Short text fragments from websites:
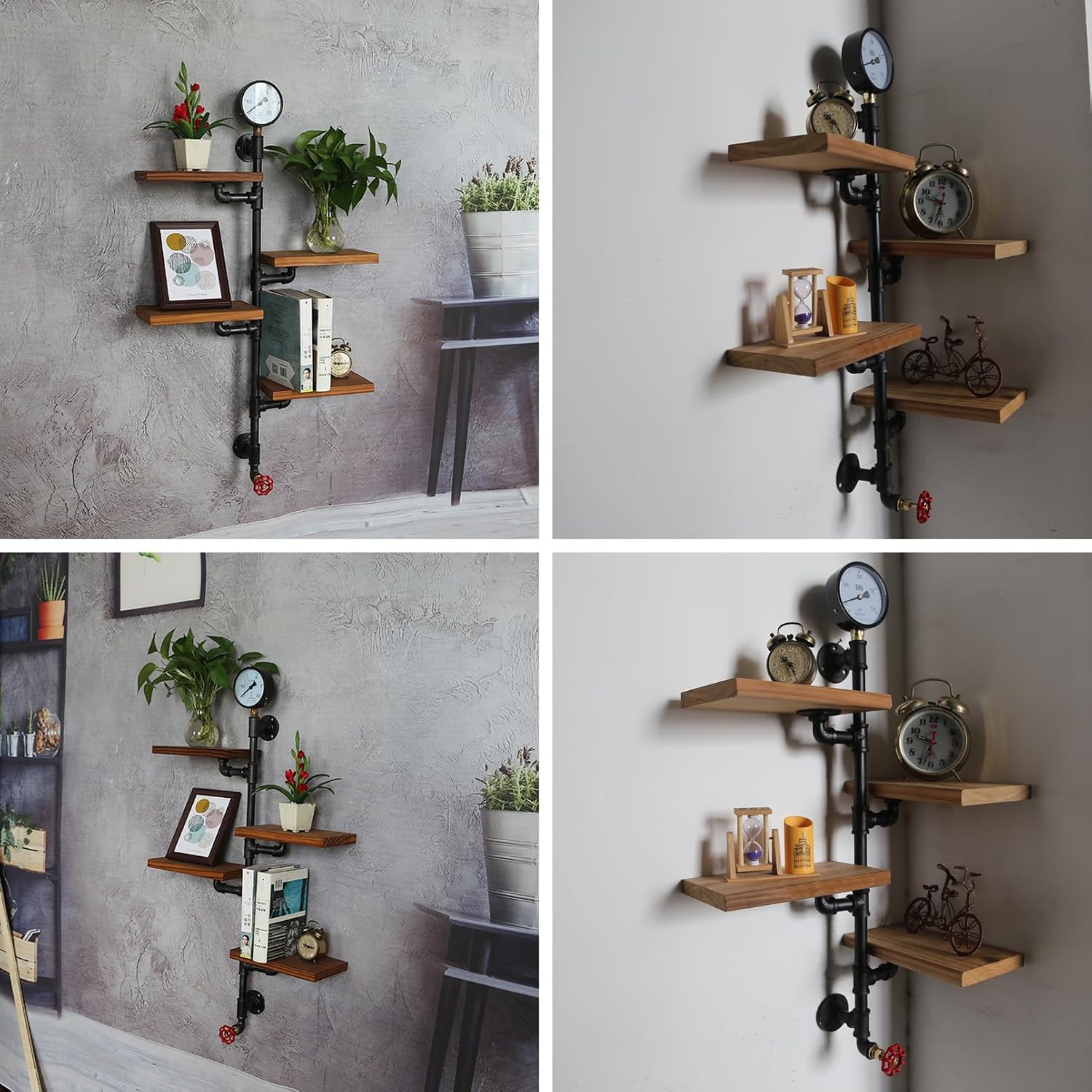Black, Industrial Pipe Shelf Bracket, 4 Tiers Retro Wall Mounted Floating Shelf, Corner Floating Shelves Wall Mounted, Retro Rustic Industrial Shelf for Bar Kitchen Living Room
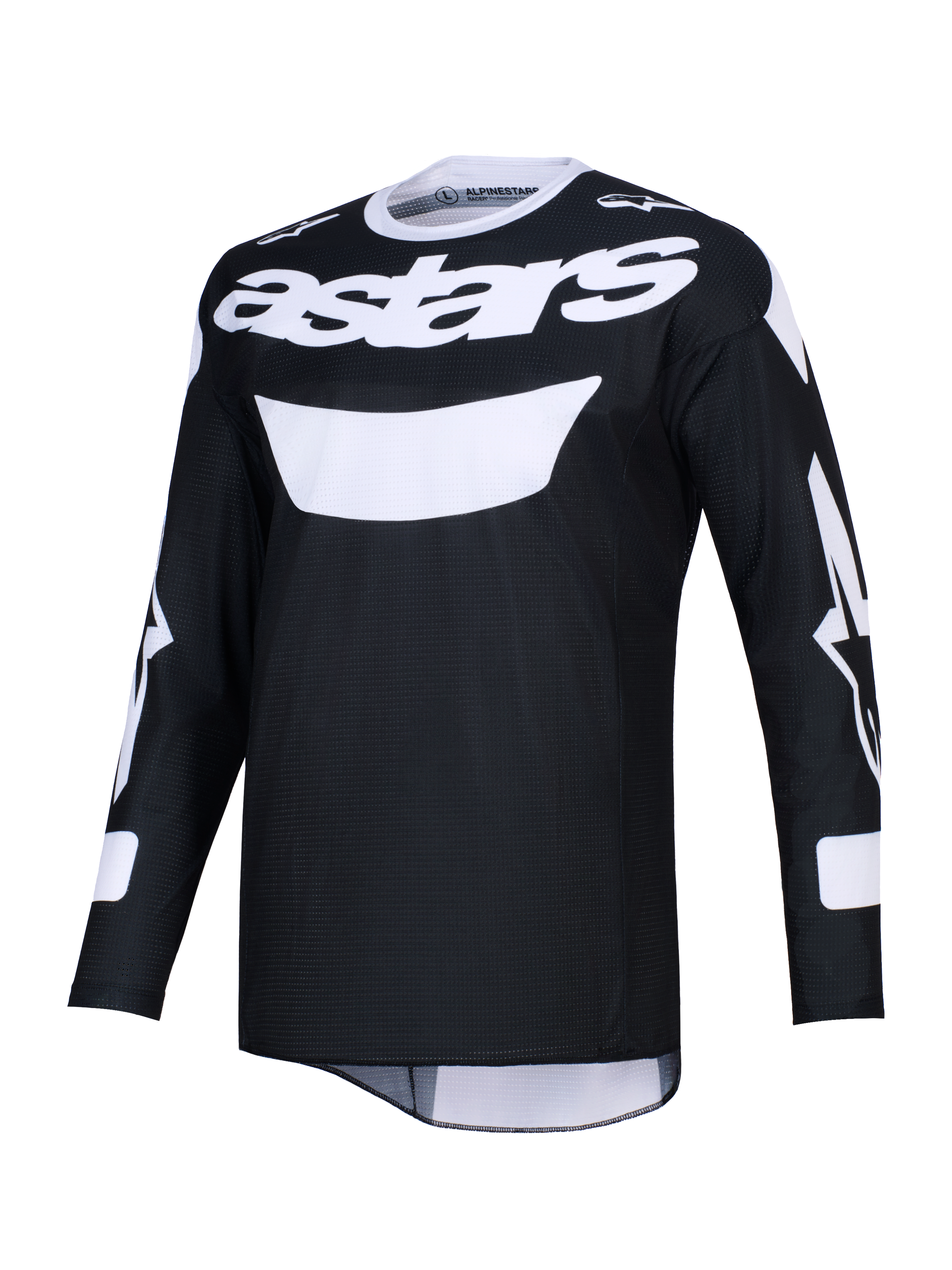 Alpinestars 2026 Racer Air Riway Jersey, jersey de motocross negro y blanco, con el llamativo logotipo astars blanco en el pecho, tejido de malla ligero para un alto flujo de aire, manga larga y ajuste atlético para rendimiento off-road.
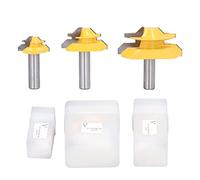 Set di 3 punte per router a mitra con gambo da 1/2 pollice, angolo di 45 gradi, per giunzioni incollate e bloccate; kit di frese per lavorazione del legno in acciaio al carbonio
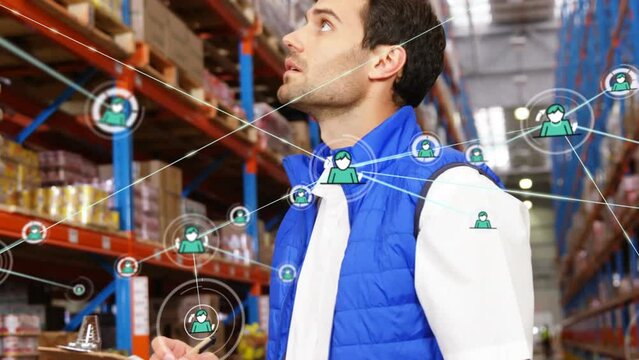 Animation of network of profile icons on caucasian male supervisor checking stock at warehouse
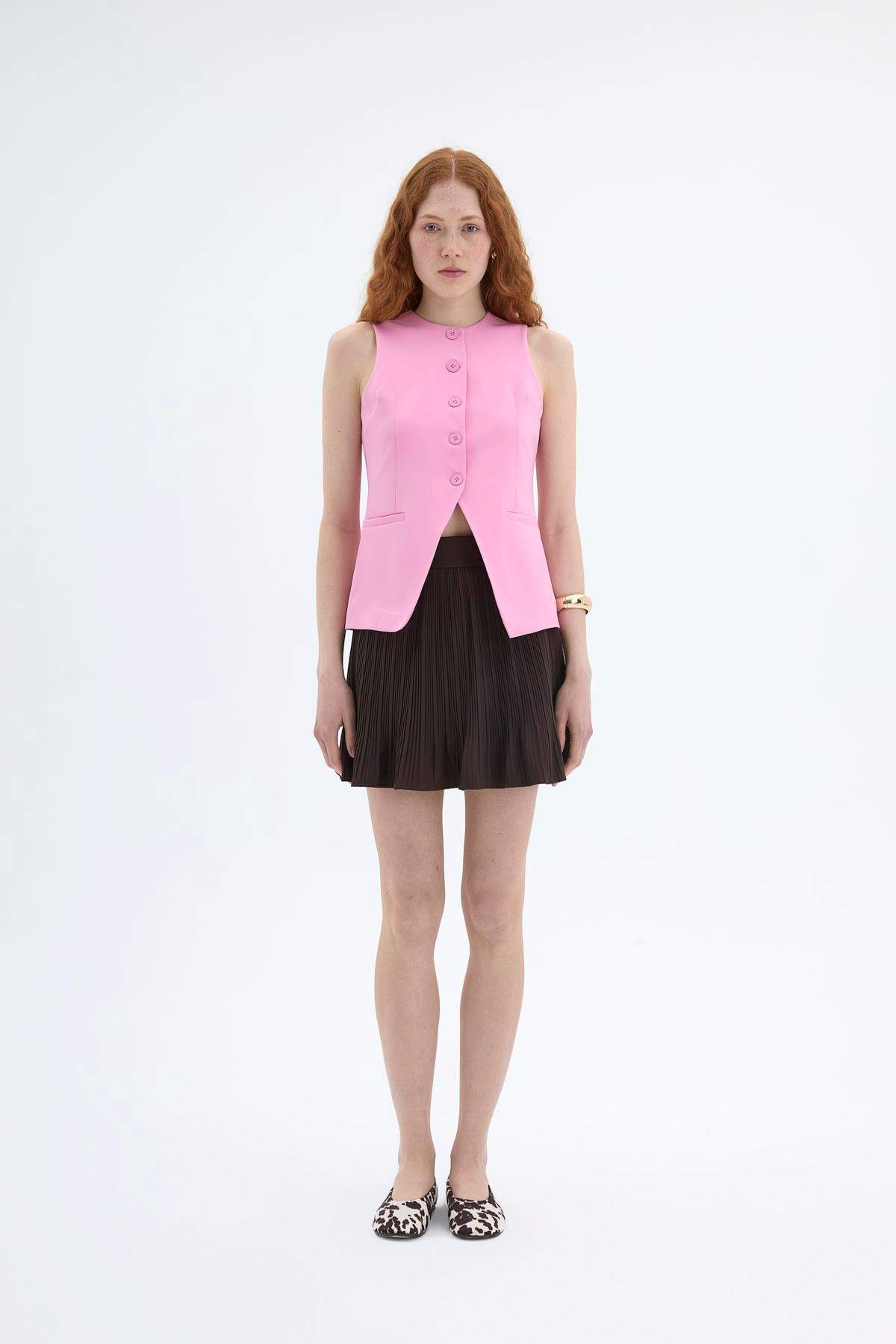 Quzu Önü Düğmeli Yelek Pembe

Exercise requirements: Write the entries out again word for word. Omit all pictures from them.

Exercise solution:
Black, Industrial Pipe Shelf Bracket, 4 Tiers Retro Wall Mounted Floating Shelf, Corner Floating Shelves Wall Mounted, Retro Rustic Industrial Shelf for Bar Kitchen Living Room
 Alpinestars 2026 Racer Air Riway Jersey, jersey de motocross negro y blanco, con el llamativo logotipo astars blanco en el pecho, tejido de malla ligero para un alto flujo de aire, manga larga y ajuste atlético para rendimiento off-road.
 Set di 3 punte per router a mitra con gambo da 1/2 pollice, angolo di 45 gradi, per giunzioni incollate e bloccate; kit di frese per lavorazione del legno in acciaio al carbonio
 Animation of network of profile icons on caucasian male supervisor checking stock at warehouse
 Quzu Önü Düğmeli Yelek Pembe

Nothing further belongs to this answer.